I have the following DF
Sku Availability
0 1 out of stock
1 1 in stock
2 1 in stock
3 2 out of stock
How can I use a custom aggregate function to create the following DF:
Sku Availability
0 1 in stock
2 2 out of stock
(Basically, if a SKU is in stock, the out of stock SKUs should be dropped, I have same SKUs because each refers to a different store...)
MVCE:
d = {'Sku': ['1', '1', '1', '2'], 'Availability': ['out of stock', 'in stock', 'in stock', 'out of stock']}
df = pd.DataFrame(data=d)
# df = df.groupby('Sku').apply(lambda x: ...)

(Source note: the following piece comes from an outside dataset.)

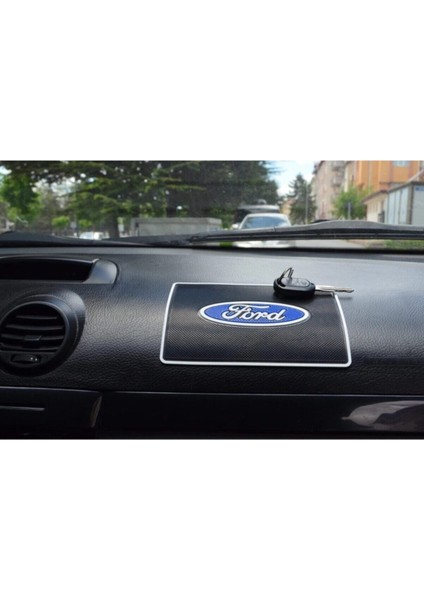 Kaydırmaz Torpido Üstü Telefon Tutucu, Güvenli ve Pratik Kullanım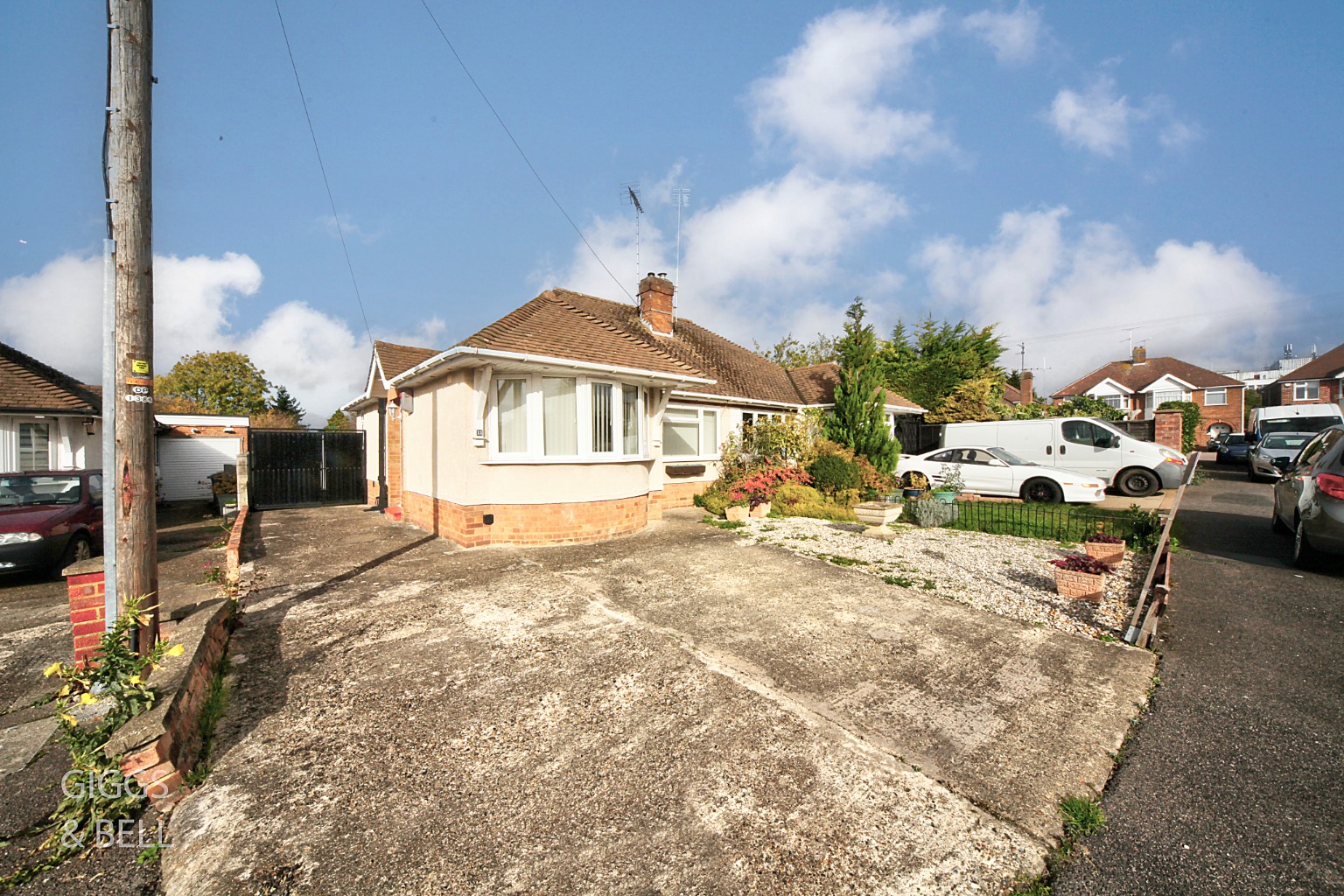 2 bed semi-detached bungalow for sale in Hathaway Close, Luton, LU4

CodePudding user response:
You can use sort_values
to sort lexicographically your data by Availabilility
then drop_duplicates
(keep first row by Sku
)
out = df.sort_values(['Sku', 'Availability']) \
.drop_duplicates('Sku', ignore_index=True)
print(out)
# Output:
Sku Availability
0 1 in stock
1 2 out of stock
A more consistent way is to use CategoricalDtype
:
# Explicit is better than implicit
cat = pd.CategoricalDtype(['in stock', 'out of stock'], ordered=True)
out = df.astype({'Availability': cat}).sort_values(['Sku', 'Availability']) \
.drop_duplicates('Sku', ignore_index=True)